Transferable Neural Wavefunctions for Solids
Leon Gerard, Michael Scherbela, Halvard Sutterud, Matthew Foulkes, Philipp Grohs
TL;DR
This work develops transferable neural wavefunctions for solids to dramatically reduce the computational cost of deep-learning variational Monte Carlo. By mapping inexpensive mean-field orbitals to expressive neural orbitals via electron-nuclear embeddings and a shared network across twists, geometries, and supercell sizes, the authors demonstrate accurate results for 1D hydrogen chains, graphene, and LiH, while enabling twist-averaged and finite-size-corrected observables with far fewer optimization steps. A key achievement is transferring a neural wavefunction trained on a 2×2×2 LiH cell to a 3×3×3 supercell, reducing optimization steps by about a factor of 50 and achieving cohesive energies within close agreement to experiment when ZPVE and finite-size corrections are included.
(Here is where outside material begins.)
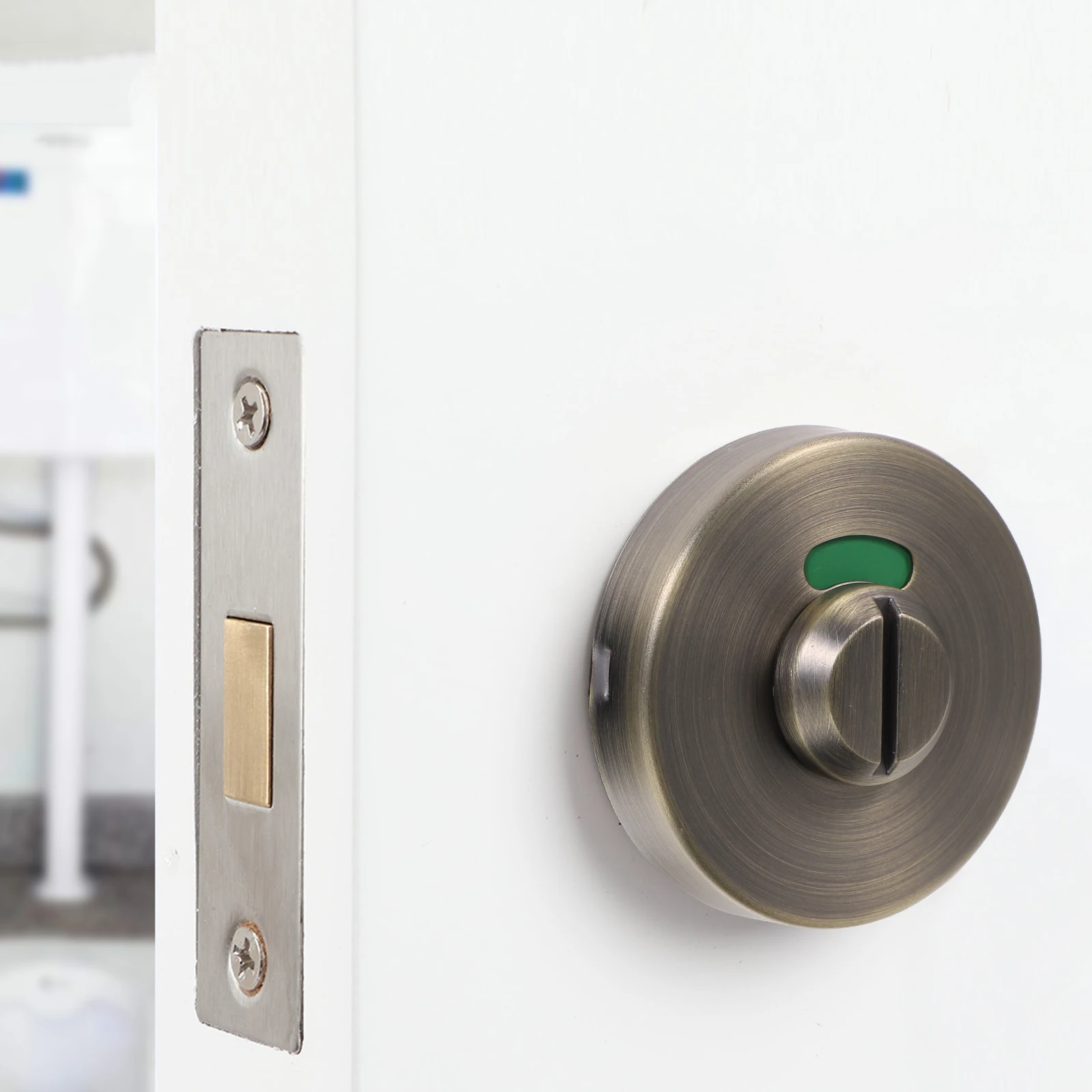 

1pc Stainless Steel Bathroom Indicator Corrosion Resistant Universal Door Lock for Plastic Doors Hotel Commercial Use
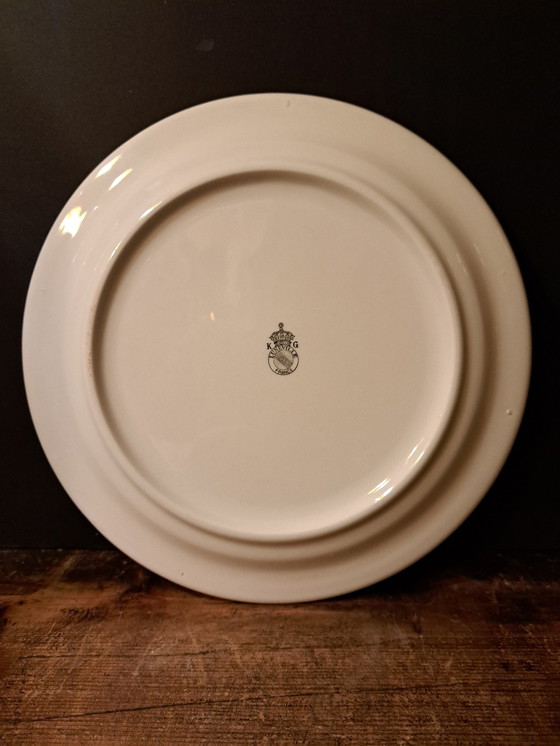 Image 1 of 1 X Luneville Frankreich Runder dekorativer Teller Jugendstil Art Nouveau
The approach reduces the need for separate per-geometry trainings, enabling scalable DL-VMC studies of large solid-state systems and potentially opening pathways to metals and high-temperature semiconductors with realistic many-electron treatments.
Abstract
Deep-Learning-based Variational Monte Carlo (DL-VMC) has recently emerged as a highly accurate approach for finding approximate solutions to the many-electron Schrödinger equation. Despite its favorable scaling with the number of electrons, $\mathcal{O}(n_\text{el}^{4})$, the practical value of DL-VMC is limited by the high cost of optimizing the neural network weights for every system studied. To mitigate this problem, recent research has proposed optimizing a single neural network across multiple systems, reducing the cost per system. Here we extend this approach to solids, where similar but distinct calculations using different geometries, boundary conditions, and supercell sizes are often required. We show how to optimize a single ansatz across all of these variations, reducing the required number of optimization steps by an order of magnitude. Furthermore, we exploit the transfer capabilities of a pre-trained network. We successfully transfer a network, pre-trained on 2x2x2 supercells of LiH, to 3x3x3 supercells. This reduces the number of optimization steps required to simulate the large system by a factor of 50 compared to previous work.